とはいえまずは、クルマそのものの情報を。新型チャージャーは、ステランティスが北米で展開する大衆車ブランド、ダッジのフルサイズモデルであり、現状ではクーペとセダン、電気自動車(BEV)とエンジン車のラインナップがアナウンスされている。駆動方式は全車4WDが標準で、BEVモデルにはいずれも「デイトナ」のサブネームが冠される。生産については、まずはデイトナのクーペが2024年の年央に、その他のモデルは2025年第1四半期にスタートする予定。組み立てを担うのは、カナダ・オンタリオ州のウインザー工場だ。

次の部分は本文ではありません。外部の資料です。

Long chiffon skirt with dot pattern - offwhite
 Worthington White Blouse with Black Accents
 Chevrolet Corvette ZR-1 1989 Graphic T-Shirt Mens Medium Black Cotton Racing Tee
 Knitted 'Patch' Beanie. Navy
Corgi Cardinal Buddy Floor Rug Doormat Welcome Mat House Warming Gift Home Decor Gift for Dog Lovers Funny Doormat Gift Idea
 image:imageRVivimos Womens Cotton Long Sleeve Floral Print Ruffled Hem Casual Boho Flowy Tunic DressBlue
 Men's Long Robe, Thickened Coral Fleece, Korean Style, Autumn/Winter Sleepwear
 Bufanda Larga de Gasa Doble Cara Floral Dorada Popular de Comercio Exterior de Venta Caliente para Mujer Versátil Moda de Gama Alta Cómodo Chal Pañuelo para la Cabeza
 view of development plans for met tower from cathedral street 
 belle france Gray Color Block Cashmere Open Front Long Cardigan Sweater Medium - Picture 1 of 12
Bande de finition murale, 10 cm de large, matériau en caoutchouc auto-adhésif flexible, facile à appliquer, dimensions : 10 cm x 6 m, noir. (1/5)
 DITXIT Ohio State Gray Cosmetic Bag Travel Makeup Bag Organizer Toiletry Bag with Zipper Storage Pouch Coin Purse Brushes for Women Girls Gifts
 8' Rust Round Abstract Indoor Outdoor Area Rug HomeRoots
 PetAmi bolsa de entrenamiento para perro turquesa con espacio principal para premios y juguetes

真っ先に目を奪われるのは、その強烈なリバイバルデザインだろう。モチーフは間違いなく1968~1970年のチャージャー! 映画『ワイルド・スピード』シリーズで主役の“相棒”を務めているモデル……というより、webCG読者におかれては、往年の名作『ブリット』で爆発炎上したアレ、と言ったほうが通りがいいかもしれない。約5250mmというあきれるような全長も、ご先祖さまとほぼ一緒。見よ! 「Rウイング」なるエアロデバイスを開発してまで実現した、このシカクいフロントマスクを! ……まぁそれでも、ちょいと顔がタレ気味なのはご愛敬(あいきょう)。写真で見た感じ、ノーズもやや短めだが、いかにも「FRのマッスルカーでござい」というこの造形を、「BEV-native」(報道資料より)の車台で実現したのだ。ひとまずは拍手でもって迎えたい。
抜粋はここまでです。